Das Leben des John Edgar Hoover – Legende und Wahrheit
Der Perfektionist

  1. Das FBI ist ein Ermittlungsbüro. Seine Tätigkeit beschränkt sich strikt darauf, die Verletzung von Bundesgesetzen zu verhindern.
  2. Es ermittelt ausschließlich auf Geheiß des Justizministeriums.
  3. Der Personalstand des Büros hält sich in jenen Grenzen, die durch die Erfüllung seiner Aufgaben gesetzt sind.
  4. Unfähige und unwürdige Mitarbeiter werden ohne Aufschub entlassen.
  5. Sogenannte beigeordnete Mitarbeiter und Mitarbeiter ehrenhalber und ähnliche Personen werden ebenfalls entlassen.
  6. In Zukunft wird kein Beamter ohne Genehmigung des Justizministeriums eingestellt. In Frage kommen nur noch verlässliche, fähige Männer mit ausgezeichneten juristischen Kenntnissen.

Allein schon bei diesem Schreiben, das Hoover drei Tage nach seinem Amtsantritt als Leiter des FBI in Umlauf setzte, haben bei seinen Beamten wahrscheinlich das erste Mal die Ohren geklingelt. Aber das war erst der Anfang. Die meisten von ihnen nahmen Hoover nicht ernst und rechneten damit, dass nach dem Verflackern des Strohfeuers im Büro schon bald wieder alles seinen gewohnten Gang gehen werde.
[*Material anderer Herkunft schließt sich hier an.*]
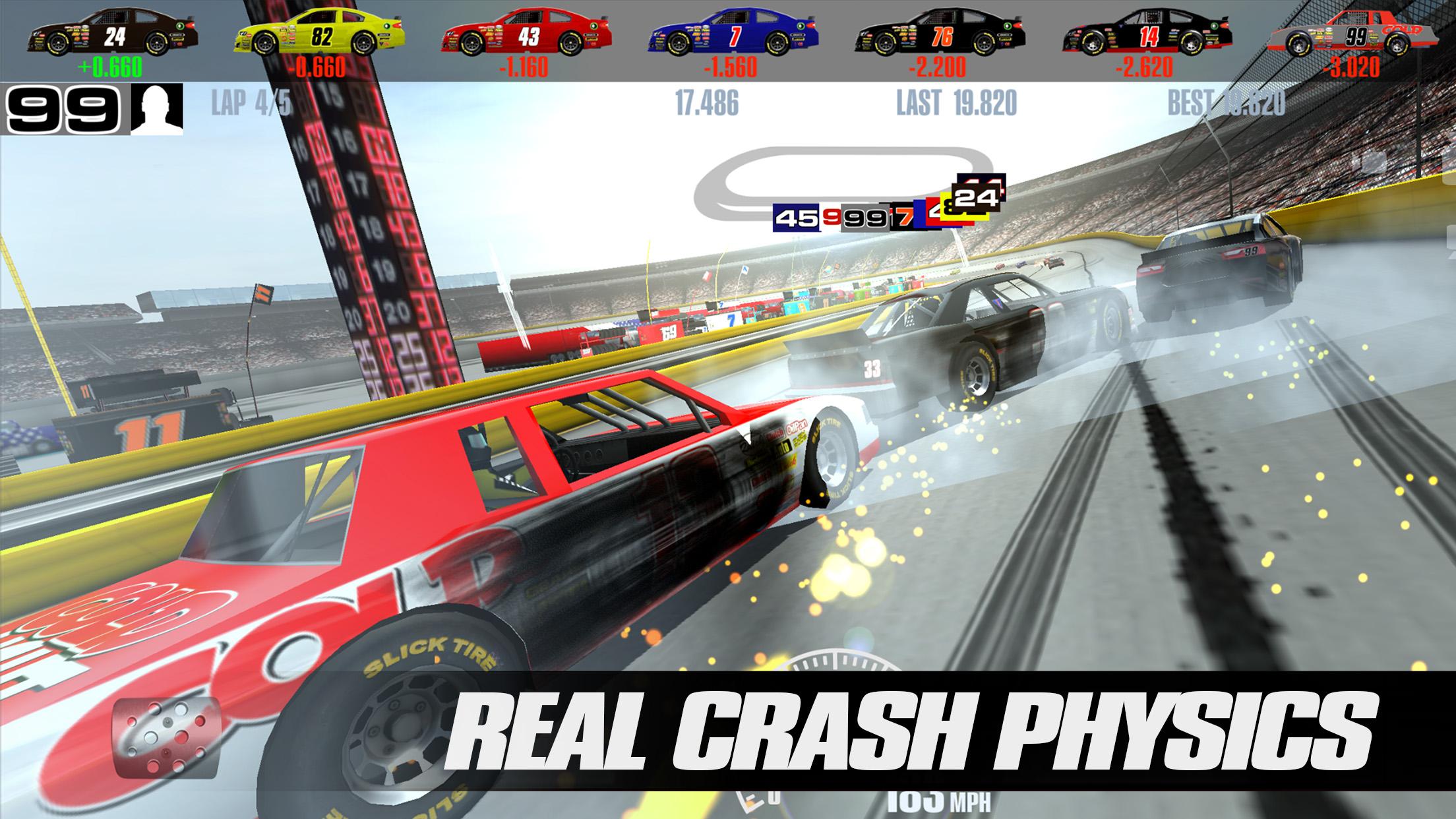 650 Collections Download Permainan Stock Car Racing Mod Apk Best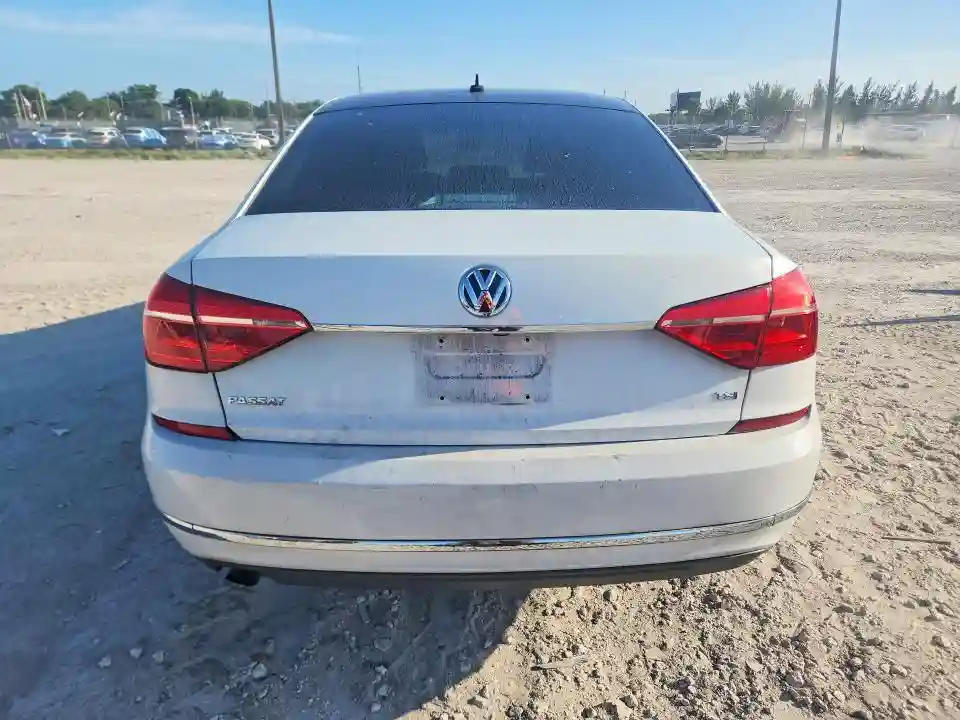 1VWAS7A35GC046638 2016 VOLKSWAGEN PASSAT-5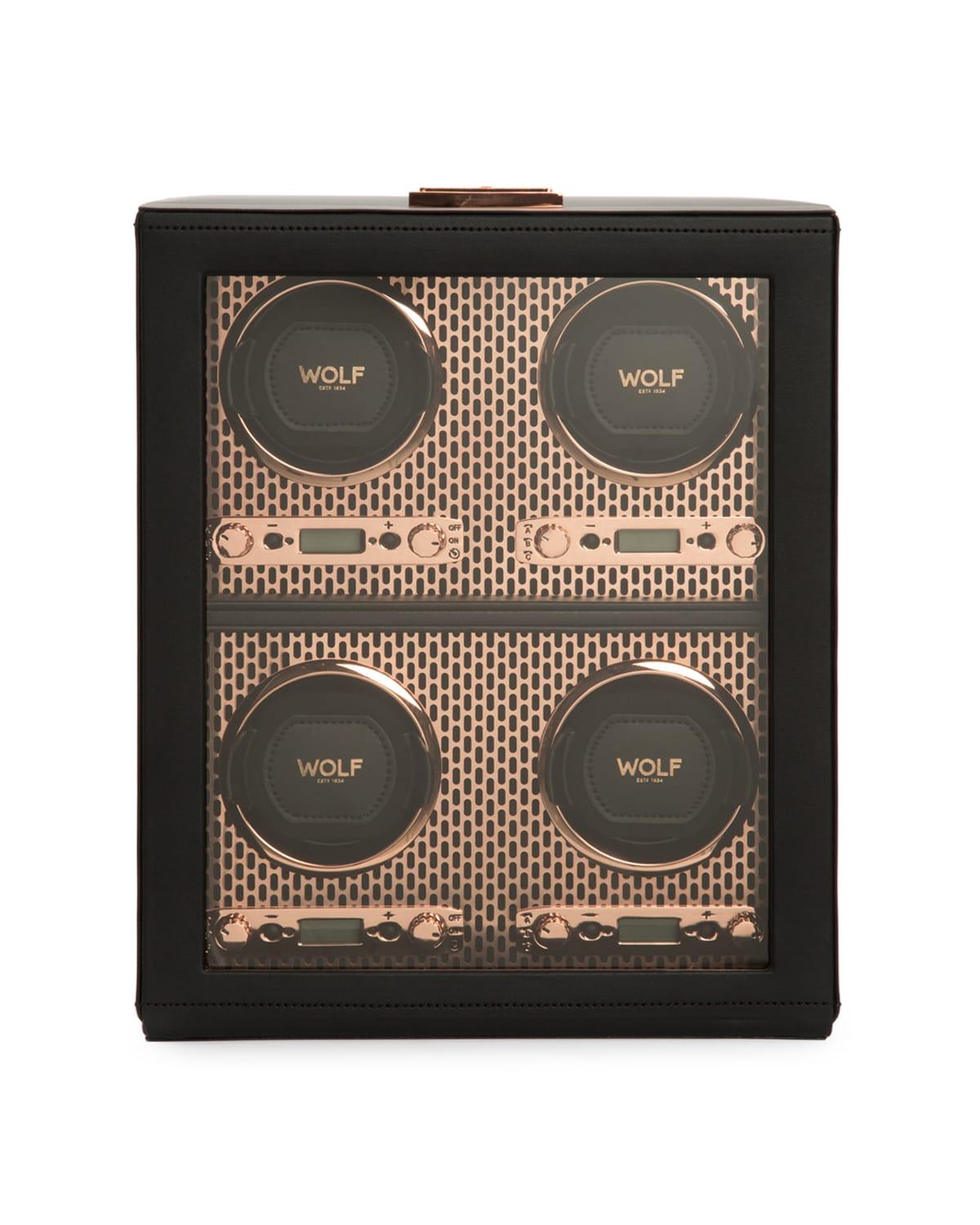 Axis 4-Piece Watch Winder Product Image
Protegiere, Vetternwirtschaft, Korruption und Gleichgültigkeit waren bis zu diesem Zeitpunkt an der Tagesordnung.
Aber sie kannten Hoover nicht.
Ungeachtet aller Mahnungen zur Vorsicht und dem Belächeln und Herabwürdigen seiner Arbeit verfasste er eine Woche später einen Bericht an den Justizminister, der es in sich hatte.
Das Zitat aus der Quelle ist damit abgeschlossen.